"There's my chest of drawers," said Dorothea under her breath. "Oh, Lettice, oh, Lettice! what is that man doing with my best crêpe de Chine nighties? Oh, look, he's packing them all up—he can't be going to wear them himself, he must be taking them for his best girl in Germany, and they're every single one embroidered with my name in full—oh, good gracious, how can he?" She broke into a hysterical giggle. "Oh, really, I do think Germans have funny sort of minds! Oh, look, look, there's your bureau out of the den—"

Lettice's bureau—it was Gardiner's bureau, the one he always used, the very one he had bought from Madame Hasquin in Lettice's presence; he loved it too much to let it out of his own room. The officer, staying his men with a word, began to look through the drawers, presumably for valuables. The file of Lettice's household bills he tossed aside; letters and other papers he skimmed, before rejecting them.

Lettice's hand fell from Dorothea's arm. She walked straight across the courtyard to his side. "What are you doing with that bureau?" she asked.

"Requisitioned for the army," was the curt reply.

"You mean, you want it yourself," said Lettice. "It's stealing; and you and your men are just thieves and murderers."

He turned, then, and looked at her, while Dorothea plucked at her sleeve, whispering frantic entreaties. But only a firing party could have silenced Lettice at that moment.

"No, madam, it is not stealing, it is war," said the German in an altered voice. "You are conquered; you have no longer any property or any rights but what we choose to allow you. You would do well to remember that. And let me advise you in future to be more careful of what you say. Not all my compatriots have an English education to look back upon."

Then Dorothea pulled her away, still reluctant; and it was Dorothea, in the nightmare minutes that followed, who sorted and packed in wild haste all she thought they could carry. There was not much left to take. She stuffed some clothes into a couple of pillow-cases, and dragged the silent Lettice out at the back, past some soldiers who with the same deadly method were smashing the windows in turn and spraying the interior. These men wore broad belts to which were attached a hatchet, a syringe, a small shovel, and a revolver. On the belts were the words, "Company of Incendiaries," also, "God with us." As Dorothea had said, Germans have funny sort of minds.

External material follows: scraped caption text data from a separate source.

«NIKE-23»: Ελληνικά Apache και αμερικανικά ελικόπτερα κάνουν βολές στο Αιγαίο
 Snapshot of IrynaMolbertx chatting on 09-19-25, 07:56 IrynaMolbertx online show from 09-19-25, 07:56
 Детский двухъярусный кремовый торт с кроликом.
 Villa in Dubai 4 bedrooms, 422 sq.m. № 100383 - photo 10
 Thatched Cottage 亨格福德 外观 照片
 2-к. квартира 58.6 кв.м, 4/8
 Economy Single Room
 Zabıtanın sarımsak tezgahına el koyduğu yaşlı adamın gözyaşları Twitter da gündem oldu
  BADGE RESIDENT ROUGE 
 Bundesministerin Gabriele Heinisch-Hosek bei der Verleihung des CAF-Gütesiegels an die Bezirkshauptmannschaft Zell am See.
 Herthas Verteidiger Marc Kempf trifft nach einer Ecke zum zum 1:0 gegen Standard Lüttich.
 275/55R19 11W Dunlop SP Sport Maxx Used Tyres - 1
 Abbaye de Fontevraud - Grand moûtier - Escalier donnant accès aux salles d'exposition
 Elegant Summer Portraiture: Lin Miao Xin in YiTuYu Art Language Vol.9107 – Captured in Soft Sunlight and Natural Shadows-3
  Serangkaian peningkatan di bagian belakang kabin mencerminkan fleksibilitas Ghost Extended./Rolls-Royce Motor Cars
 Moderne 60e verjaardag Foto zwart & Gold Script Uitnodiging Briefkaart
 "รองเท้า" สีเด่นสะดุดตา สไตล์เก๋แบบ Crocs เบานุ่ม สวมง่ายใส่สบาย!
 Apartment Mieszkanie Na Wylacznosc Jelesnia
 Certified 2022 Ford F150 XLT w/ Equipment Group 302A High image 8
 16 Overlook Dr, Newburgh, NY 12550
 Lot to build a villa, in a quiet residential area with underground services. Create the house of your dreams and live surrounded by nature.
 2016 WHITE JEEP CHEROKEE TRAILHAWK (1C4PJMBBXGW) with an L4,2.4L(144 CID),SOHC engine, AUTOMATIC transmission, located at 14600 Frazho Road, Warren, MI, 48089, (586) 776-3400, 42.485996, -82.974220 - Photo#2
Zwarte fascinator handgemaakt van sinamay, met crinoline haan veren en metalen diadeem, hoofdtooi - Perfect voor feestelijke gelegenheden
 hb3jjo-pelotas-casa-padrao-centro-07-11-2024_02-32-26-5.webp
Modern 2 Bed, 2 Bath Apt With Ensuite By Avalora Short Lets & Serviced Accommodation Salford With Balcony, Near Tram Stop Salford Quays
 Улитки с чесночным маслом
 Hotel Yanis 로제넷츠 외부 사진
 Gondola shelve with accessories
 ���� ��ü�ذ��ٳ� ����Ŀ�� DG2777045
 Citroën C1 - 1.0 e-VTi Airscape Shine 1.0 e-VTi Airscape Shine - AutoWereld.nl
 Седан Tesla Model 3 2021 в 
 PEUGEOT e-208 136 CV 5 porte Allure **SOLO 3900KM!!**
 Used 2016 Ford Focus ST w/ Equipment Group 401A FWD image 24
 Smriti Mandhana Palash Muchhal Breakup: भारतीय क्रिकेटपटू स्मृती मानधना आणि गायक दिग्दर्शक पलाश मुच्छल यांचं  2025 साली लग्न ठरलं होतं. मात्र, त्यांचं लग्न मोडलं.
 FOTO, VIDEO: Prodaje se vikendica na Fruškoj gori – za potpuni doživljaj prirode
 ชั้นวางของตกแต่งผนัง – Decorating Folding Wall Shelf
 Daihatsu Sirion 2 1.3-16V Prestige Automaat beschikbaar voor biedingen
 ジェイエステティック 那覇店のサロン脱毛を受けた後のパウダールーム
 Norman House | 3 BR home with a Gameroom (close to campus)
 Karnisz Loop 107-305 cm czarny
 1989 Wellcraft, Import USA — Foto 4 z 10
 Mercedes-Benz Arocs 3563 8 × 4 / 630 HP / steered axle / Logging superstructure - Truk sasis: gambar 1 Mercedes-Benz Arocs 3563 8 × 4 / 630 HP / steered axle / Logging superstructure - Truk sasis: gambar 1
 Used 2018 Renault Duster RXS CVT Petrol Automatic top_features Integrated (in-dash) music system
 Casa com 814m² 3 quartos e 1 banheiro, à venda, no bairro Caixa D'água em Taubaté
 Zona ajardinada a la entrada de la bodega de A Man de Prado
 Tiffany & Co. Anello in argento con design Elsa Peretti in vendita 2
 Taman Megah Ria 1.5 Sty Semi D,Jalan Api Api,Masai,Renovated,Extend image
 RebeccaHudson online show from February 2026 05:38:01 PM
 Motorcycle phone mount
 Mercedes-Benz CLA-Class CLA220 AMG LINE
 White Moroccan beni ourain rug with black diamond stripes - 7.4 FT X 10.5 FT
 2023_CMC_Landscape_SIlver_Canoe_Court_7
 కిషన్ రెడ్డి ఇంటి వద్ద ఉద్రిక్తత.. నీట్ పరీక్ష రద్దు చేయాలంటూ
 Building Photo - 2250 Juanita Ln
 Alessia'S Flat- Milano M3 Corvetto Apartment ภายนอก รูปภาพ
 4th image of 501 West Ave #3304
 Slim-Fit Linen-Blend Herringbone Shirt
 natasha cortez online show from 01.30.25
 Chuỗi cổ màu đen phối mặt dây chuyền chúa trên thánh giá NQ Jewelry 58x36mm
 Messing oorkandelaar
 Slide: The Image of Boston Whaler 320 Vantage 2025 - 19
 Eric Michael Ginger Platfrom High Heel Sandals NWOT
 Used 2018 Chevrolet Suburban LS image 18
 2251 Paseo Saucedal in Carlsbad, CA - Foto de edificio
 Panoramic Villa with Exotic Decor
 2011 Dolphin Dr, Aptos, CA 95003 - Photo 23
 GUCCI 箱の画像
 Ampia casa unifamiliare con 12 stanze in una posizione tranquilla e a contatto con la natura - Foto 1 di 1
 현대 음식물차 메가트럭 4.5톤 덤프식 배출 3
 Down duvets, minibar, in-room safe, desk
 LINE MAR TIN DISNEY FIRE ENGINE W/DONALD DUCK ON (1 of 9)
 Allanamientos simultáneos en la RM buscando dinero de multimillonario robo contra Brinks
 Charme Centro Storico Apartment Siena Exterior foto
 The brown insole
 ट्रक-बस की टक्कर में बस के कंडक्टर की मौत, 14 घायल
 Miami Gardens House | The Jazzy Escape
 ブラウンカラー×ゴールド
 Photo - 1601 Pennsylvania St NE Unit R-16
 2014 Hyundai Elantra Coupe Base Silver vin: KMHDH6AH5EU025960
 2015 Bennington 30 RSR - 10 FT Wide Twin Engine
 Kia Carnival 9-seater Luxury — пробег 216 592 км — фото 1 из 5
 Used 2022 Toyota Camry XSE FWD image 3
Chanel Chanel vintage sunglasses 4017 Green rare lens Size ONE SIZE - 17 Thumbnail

Crouching at the top of the orchard behind the house, the two girls watched the last of the Bellevue. First the petrol caught, an amethystine aura flickering insubstantial. Then the woodwork kindled, and yellow flames began to twine among that ghostly harebell blue. Orange pennons slid softly through the empty window frames; tiny golden curls started out along the eaves, small and even as a row of gas jets. The flames lengthened, they united, they rippled and flapped up the sky like a banner. They grew many-tinted, according to their fuel—gold, silver, ruby, emerald, amethyst, topaz, metallic blue. Lastly the roof fell in, and a great foursquare of fire puffed up to heaven, with streams of starry sparks, and clouds of glare, and floating flakes of gold. Dorothea was crying; but Lettice, her lips set grimly, watched to the end the destruction of Gardiner's hotel, the home he loved, which he had confided to her care.

Night came, but not darkness. Rochehaut was burning, Poupehan in the valley flared with half-a-dozen haystacks and a house or two, Corbion church was a beacon of tall flames on the hill, Alle's martyrdom showed as a pulsing glow of dusky rose in the overhanging cloud. On the far side of the valley, marching home with their booty down the road from Corbion to Bouillon, the soldiers of the Fatherland were singing, Deutschland über Alles.